Make Use Of Long-Abandoned City Commission

We noted over the weekend the planning that was done over the past 10 to 15 years – and the lack of follow-up from some of those plans.

It’s something we hope isn’t repeated as the city works on its next comprehensive plan. And we think the Strategic Planning and Partnerships Commission could be one way to do so.

The commission was largely abandoned by former Mayor Eddie Sundquist, but it had been spinning its wheels even before Sundquist’s four years in office because members struggled to come up with a mission. In one of the most recent City Charter revisions the commission is given the requirement of weighing in on the city’s capital budget, something the group rarely did. But those who have been around City Hall for a couple of decades know the Strategic Planning and Partnerships Commission had been a productive, active group that was quite successful before it became bogged down in trying to figure out what it should be doing. Eventually it lapsed into dormancy. Now, it’s time to dust off the Strategic Planning and Partnerships Commission and put a reconstituted commission to work.

With the right membership, a reconstituted Strategic Planning and Partnerships Commission could work with Mayor Kim Ecklund and city department heads to make sure Ecklund’s goals, and those of the City Council, are met.

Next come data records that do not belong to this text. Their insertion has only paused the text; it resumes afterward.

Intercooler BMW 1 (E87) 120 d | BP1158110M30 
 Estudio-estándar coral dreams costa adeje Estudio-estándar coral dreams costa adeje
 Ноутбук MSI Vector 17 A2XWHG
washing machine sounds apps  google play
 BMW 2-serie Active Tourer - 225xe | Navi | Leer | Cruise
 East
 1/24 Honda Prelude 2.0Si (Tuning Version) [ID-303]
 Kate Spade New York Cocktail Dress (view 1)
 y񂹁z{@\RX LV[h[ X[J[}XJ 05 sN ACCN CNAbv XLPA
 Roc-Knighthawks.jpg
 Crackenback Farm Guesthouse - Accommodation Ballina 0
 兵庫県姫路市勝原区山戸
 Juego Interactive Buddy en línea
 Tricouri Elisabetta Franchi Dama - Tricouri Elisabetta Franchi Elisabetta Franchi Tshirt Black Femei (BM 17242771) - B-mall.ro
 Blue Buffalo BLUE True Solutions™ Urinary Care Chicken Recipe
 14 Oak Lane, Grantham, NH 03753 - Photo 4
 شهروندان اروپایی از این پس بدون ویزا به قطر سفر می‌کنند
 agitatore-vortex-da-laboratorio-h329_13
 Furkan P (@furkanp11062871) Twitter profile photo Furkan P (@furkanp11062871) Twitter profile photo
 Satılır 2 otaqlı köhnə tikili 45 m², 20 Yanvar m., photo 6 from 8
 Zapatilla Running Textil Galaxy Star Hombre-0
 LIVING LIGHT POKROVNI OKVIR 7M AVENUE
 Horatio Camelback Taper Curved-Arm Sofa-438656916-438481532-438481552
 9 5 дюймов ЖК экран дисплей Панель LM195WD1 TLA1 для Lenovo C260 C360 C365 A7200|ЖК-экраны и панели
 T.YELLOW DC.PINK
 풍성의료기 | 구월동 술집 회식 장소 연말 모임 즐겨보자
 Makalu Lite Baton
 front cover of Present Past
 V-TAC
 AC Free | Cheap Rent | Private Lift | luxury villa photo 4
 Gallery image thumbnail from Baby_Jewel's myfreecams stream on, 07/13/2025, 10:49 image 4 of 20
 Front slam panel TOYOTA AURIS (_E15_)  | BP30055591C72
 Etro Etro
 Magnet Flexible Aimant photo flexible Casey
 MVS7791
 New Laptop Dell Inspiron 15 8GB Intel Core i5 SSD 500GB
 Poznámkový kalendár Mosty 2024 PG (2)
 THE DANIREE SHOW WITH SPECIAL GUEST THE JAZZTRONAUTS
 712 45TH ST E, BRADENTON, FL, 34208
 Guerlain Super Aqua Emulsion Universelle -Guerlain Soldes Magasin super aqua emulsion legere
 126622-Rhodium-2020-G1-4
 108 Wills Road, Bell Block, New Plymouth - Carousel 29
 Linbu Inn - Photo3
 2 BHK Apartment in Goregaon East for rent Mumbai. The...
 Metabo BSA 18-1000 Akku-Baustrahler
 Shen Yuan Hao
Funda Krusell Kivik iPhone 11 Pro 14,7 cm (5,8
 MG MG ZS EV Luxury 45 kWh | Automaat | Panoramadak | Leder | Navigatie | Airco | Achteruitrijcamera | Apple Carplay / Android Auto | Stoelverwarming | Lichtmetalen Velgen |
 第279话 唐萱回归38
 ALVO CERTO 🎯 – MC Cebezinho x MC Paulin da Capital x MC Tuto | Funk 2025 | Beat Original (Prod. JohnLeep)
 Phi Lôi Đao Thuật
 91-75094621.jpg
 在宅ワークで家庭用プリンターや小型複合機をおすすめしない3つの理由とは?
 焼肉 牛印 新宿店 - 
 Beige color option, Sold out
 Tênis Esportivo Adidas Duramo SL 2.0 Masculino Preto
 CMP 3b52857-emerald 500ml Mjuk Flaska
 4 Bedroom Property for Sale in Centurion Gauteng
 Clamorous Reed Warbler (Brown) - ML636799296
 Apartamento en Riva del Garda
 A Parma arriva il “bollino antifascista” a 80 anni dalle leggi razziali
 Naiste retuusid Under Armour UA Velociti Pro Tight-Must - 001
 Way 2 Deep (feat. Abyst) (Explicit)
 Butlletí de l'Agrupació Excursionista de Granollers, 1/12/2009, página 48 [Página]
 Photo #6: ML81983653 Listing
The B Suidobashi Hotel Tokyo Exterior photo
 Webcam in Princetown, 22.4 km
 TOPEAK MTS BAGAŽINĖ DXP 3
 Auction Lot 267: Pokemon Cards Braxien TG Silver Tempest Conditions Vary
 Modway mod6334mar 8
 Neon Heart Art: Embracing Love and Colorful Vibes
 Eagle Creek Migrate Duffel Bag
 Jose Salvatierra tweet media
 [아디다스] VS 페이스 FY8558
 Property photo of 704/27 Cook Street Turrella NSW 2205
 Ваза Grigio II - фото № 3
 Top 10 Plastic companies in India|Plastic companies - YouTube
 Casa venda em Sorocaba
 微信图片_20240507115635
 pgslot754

At the same time the commission can forge new partnerships and reinvigorate old ones. The commission could use its monthly meetings to focus on major city issues like housing, development, increasing vitality downtown, the homeless and the possibility of more migrants being housed in Jamestown. It could suggest policy to the council, help find best practices from other areas that could help Jamestown and be a group that helps keep strategic initiatives from city plans on target.

There is a need for a group that takes a 30,000-foot view of Jamestown, its issues and its successes. A reinvigorated Strategic Planning and Partnerships Commission could do just that.